Would the best approach be to do a get on the map and then operate on MyPOJO in a syncronized block? I assume I just need to put a syncronized block in the update methods and the read methods would automatically be blocked? Is that the best approach in a highly concurrent app? Or do I need to use something like ReadWriteLock on BOTH the get/set operations?
If I use something like StampedLock, each MyPOJO would need one correct, so I can do record level locking?
Thanks!
Would the best approach be to do a get on the map and then operate on MyPOJO in a synchronized block?
I assume that you mean a synchronized block on the MyPOJO instance itself (or a private lock owned by the instance).
My answer is yes, if you do it right.
I assume I just need to put a synchronized block in the update methods and the read methods would automatically be blocked?
No, that's not correct. All methods that access or update a mutable object would need to synchronize on the same lock.
If you don't synchronize for both reads and writes, you risk various thread-safety concerns, including problems with visibility of writes. Heisenbugs.
Is that the best approach in a highly concurrent app? Or do I need to use something like ReadWriteLock on BOTH the get/set operations?
It depends.
On the ReadWriteLock issue:
Unless it is likely that you will get significant lock contention on a specific MyPOJO instance, it is probably not worth the effort to optimize this.
If the access and update methods only hold the lock for a relatively short period of time, that reduces the impact of any contention.
More generally, I have a suspicion that you might be confusing "highly concurrent" with "highly scalable". Java multi-threading only performs up to the limit of the cores (and memory) on a single machine. Beyond that, clever tweaks to improve concurrency get you nowhere. To scale up further, you need to change the system architecture so that requests are handled by multiple JVM instances on different machines.
So ... to sum up ... ReadWriteLock might help if you have significant contention on individual MyPOJO instances AND there are likely to be a lot of parallel read operations on individual instances.
If I use something like StampedLock, each MyPOJO would need one correct, so I can do record level locking?
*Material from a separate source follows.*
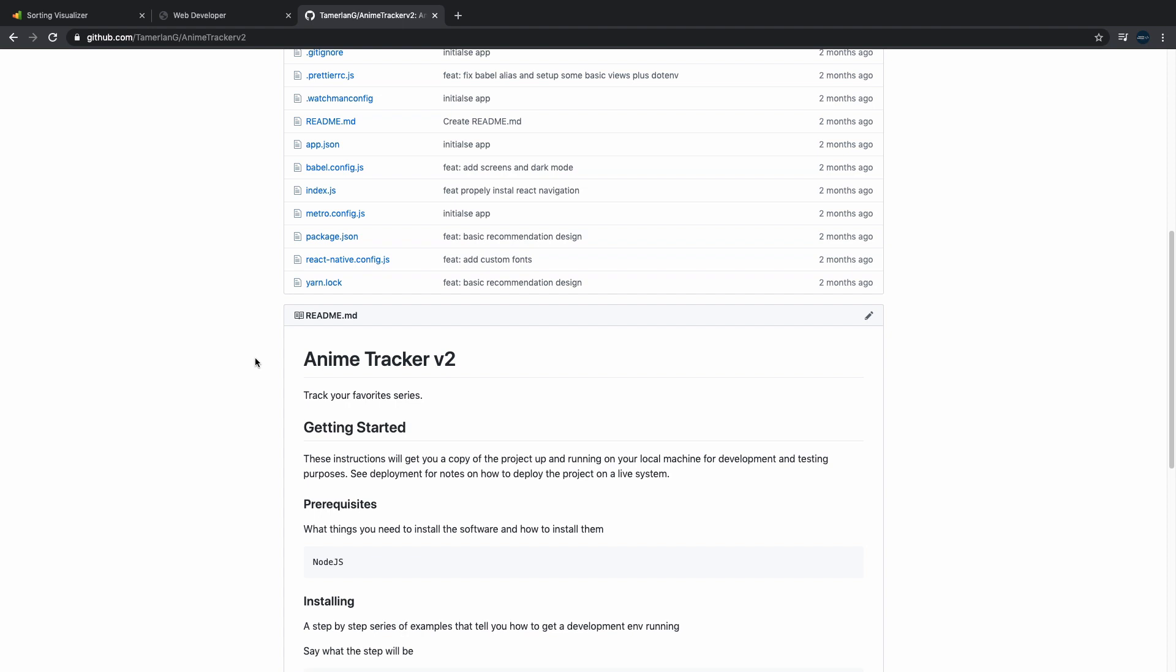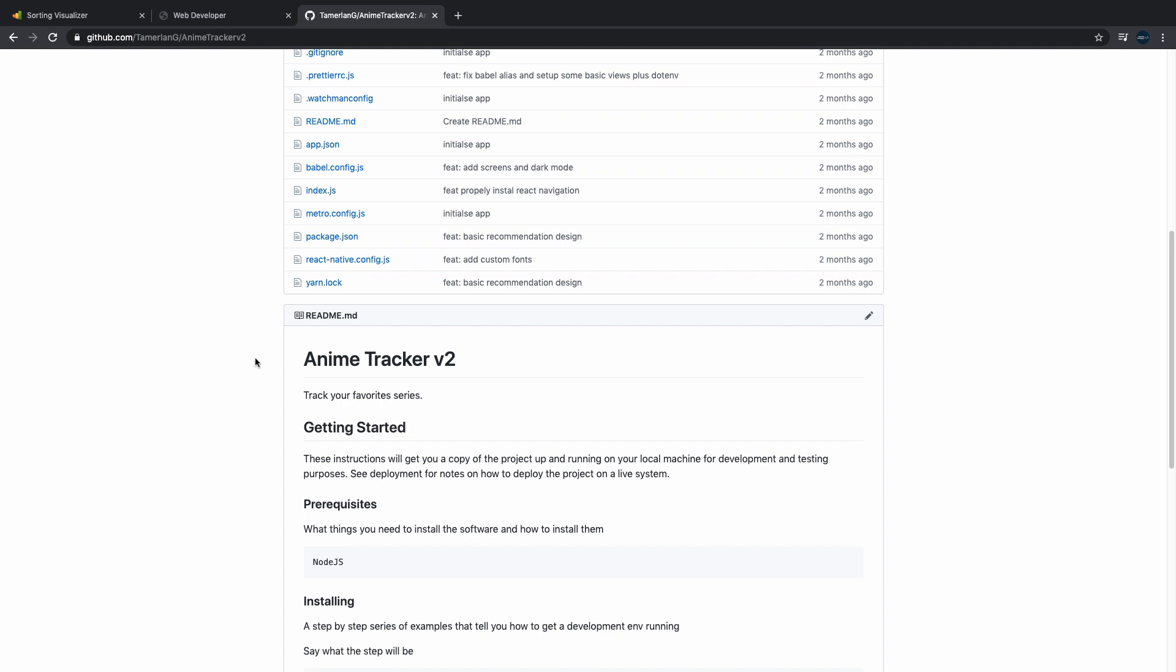So yeah, these are the three types of projects that every programmer should have. I hope you guys enjoyed this video, and if you guys want to recommend any type of projects, just leave them down in the description. I hope you guys enjoyed this and we'll see you next time.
I doubt that there would be much benefit unless you have significant contention; see above. But yes, if you used a StampedLock per instance you would get record-level locking ... just like you would other per-instance locking.
FWIW: This smells to me of "premature optimization". Furthermore, if you expect that your solution will need to scale beyond a single JVM in the short to medium term, then it is arguably a waste of time to optimize the single JVM solution too much.
I have an ArrayList which I add items to, within a broadcastreceiver callback.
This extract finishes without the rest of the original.